╔══

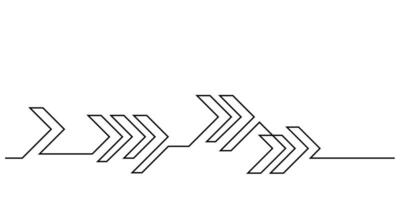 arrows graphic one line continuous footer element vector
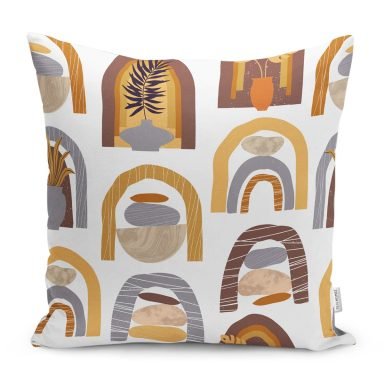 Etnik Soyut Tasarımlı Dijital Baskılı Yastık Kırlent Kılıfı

╚══
╔══

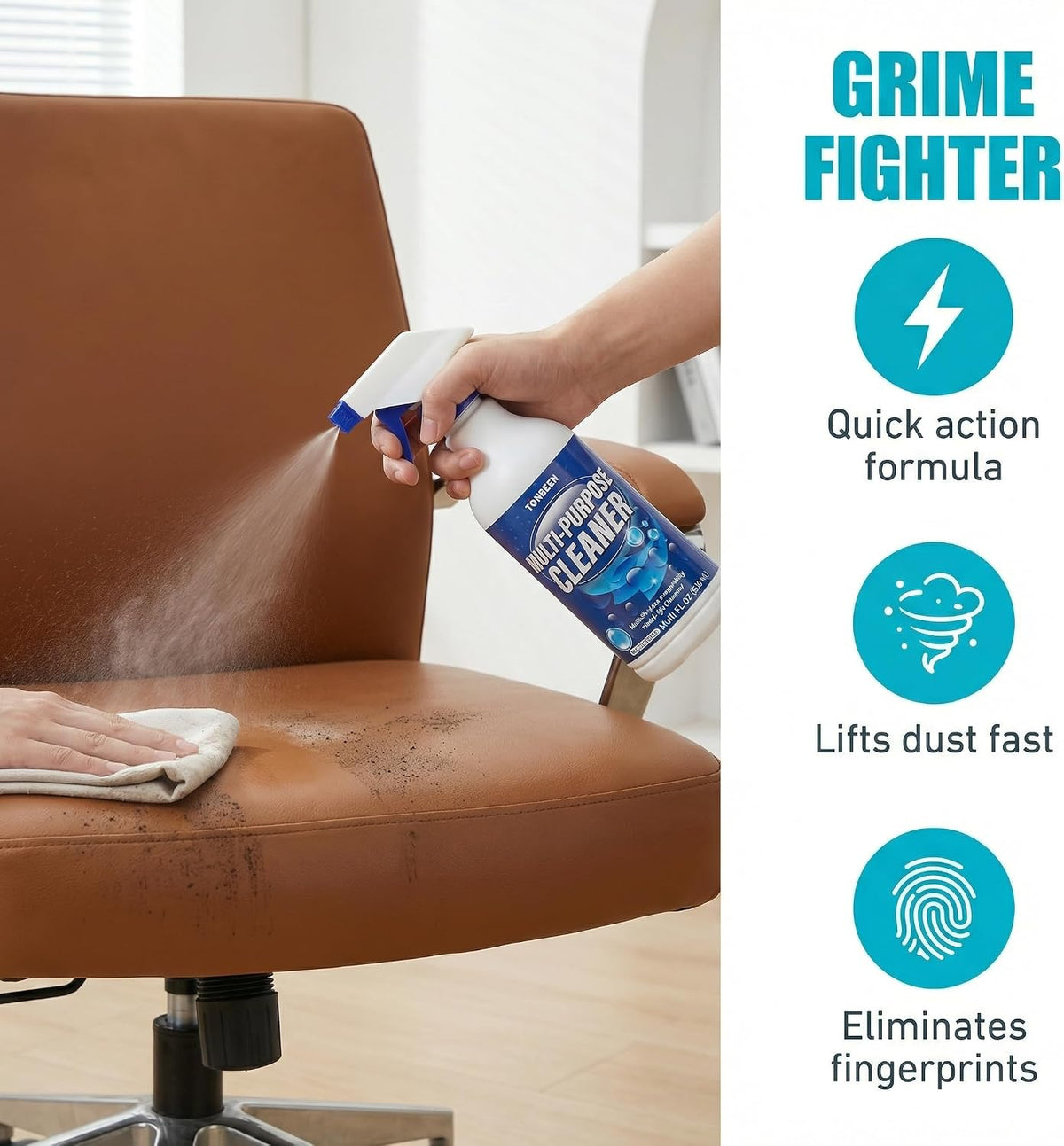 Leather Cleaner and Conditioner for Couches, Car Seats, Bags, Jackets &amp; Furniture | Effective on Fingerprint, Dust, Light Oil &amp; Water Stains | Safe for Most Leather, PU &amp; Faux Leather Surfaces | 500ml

╚══

- [TASK]
Lines wanted from the entries above: the one with "arrows graphic one", the one with "Etnik Soyut Tasarımlı", and all lines between. Please copy them exactly, without the pictures and without anything else.

- [EXPECTED ANSWER]
 arrows graphic one line continuous footer element vector
 Etnik Soyut Tasarımlı Dijital Baskılı Yastık Kırlent Kılıfı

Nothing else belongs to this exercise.